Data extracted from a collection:
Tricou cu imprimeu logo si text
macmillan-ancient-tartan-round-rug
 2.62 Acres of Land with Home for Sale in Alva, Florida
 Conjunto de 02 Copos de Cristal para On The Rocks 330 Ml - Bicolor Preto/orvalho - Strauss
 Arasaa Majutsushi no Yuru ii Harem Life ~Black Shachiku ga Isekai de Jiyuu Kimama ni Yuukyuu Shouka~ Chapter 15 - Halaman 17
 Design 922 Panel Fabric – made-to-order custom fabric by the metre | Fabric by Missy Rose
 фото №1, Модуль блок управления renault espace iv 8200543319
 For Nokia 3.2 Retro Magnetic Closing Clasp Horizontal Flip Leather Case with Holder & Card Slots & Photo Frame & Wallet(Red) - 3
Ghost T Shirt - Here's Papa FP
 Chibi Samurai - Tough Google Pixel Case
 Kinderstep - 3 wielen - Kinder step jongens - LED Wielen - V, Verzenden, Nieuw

● Work required: This exercise calls for every record to be restated word for word.

● Reply:
Tricou cu imprimeu logo si text
macmillan-ancient-tartan-round-rug
 2.62 Acres of Land with Home for Sale in Alva, Florida
 Conjunto de 02 Copos de Cristal para On The Rocks 330 Ml - Bicolor Preto/orvalho - Strauss
 Arasaa Majutsushi no Yuru ii Harem Life ~Black Shachiku ga Isekai de Jiyuu Kimama ni Yuukyuu Shouka~ Chapter 15 - Halaman 17
 Design 922 Panel Fabric – made-to-order custom fabric by the metre | Fabric by Missy Rose
 фото №1, Модуль блок управления renault espace iv 8200543319
 For Nokia 3.2 Retro Magnetic Closing Clasp Horizontal Flip Leather Case with Holder & Card Slots & Photo Frame & Wallet(Red) - 3
Ghost T Shirt - Here's Papa FP
 Chibi Samurai - Tough Google Pixel Case
 Kinderstep - 3 wielen - Kinder step jongens - LED Wielen - V, Verzenden, Nieuw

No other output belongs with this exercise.